Our goals as educators is to help each child master the content they are learning. The assessment methods used at MIR support this goal.
In a conventional environment, children are given a set amount of time to master predetermined content. Assessment is focused on their progress within the given timeframe. Methods used include tests, homework assignments, and written reports.
Grades are the rubric to communicate children’s mastery within timeframe. Reporting is done for the purpose of informing the adults in children’s lives where they stand. This type of assessment is called academic achievement assessment.
In this model, time is the most important factor in the assessment, and students are compared with each other to develop a norm-referenced scale (often a “bell curve”). Mastery is sacrificed in this model - children who do not master content must still move onto new content in time with their peers. Conversely, students who master concepts too quickly may be under-challenged.

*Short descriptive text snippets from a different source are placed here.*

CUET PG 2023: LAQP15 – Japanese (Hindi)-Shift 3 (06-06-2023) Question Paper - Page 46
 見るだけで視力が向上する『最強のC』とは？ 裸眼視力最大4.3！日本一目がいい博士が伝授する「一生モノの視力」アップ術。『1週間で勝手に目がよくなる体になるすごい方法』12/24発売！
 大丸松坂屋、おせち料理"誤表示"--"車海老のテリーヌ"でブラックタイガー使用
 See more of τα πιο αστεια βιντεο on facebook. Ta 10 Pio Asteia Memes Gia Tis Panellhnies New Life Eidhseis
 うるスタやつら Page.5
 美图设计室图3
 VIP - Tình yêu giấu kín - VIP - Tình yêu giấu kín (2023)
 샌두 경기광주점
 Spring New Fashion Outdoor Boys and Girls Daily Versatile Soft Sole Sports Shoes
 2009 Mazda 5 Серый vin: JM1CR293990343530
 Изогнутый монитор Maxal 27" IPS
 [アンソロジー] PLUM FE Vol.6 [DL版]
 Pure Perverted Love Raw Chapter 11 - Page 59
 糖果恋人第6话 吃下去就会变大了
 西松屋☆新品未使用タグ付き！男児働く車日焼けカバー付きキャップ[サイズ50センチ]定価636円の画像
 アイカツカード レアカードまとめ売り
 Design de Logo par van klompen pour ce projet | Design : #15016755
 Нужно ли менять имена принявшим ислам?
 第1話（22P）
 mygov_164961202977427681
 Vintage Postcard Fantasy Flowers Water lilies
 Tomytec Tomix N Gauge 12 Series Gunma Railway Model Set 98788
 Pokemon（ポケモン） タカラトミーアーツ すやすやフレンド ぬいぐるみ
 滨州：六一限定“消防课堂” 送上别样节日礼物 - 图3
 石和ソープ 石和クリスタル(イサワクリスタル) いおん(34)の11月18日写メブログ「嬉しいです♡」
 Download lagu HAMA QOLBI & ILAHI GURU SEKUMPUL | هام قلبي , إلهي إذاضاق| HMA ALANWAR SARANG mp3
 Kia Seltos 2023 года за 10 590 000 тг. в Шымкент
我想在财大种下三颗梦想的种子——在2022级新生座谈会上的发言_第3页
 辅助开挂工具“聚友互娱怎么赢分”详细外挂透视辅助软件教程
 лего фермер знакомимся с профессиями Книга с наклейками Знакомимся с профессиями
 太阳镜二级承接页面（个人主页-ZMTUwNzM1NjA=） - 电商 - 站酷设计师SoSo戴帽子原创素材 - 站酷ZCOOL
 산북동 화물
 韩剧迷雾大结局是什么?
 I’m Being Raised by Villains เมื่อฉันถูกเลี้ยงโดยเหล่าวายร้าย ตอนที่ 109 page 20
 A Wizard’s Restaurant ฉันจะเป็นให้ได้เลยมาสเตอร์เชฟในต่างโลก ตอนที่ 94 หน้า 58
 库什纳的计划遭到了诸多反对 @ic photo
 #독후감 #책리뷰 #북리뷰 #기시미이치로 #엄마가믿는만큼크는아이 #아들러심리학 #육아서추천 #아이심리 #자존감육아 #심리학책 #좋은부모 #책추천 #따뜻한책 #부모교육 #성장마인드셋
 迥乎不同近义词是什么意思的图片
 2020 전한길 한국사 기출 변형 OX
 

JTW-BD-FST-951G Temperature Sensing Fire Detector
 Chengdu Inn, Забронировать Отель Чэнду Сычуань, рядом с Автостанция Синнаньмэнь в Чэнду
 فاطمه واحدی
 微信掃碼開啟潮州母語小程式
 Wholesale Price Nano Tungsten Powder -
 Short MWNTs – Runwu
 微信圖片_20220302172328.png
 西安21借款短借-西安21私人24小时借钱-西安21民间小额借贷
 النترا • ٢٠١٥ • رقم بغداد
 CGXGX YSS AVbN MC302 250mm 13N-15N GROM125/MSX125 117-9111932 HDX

Montessori flips the model, allowing each child the time he or she needs to ensure mastery. Because each student moves at their own pace, assessment must be continuous and individual. Students cannot be compared with each other to develop a bell curve.
Assessment is used to support the learning process. Factors beyond academic learning are reported, including the social and emotional growth of the child. This is known as formative assessment.
Montessori teachers perform formative assessment through observation, by challenging students to solve specific problems, by asking them to teach younger students, or by holding an intellectual conversation with them. Students write essays, work on projects, and explain how they solved a particular problem.
It is the daily, constant interaction between teacher and child that tells us how a student is progressing, and whether they need extra help.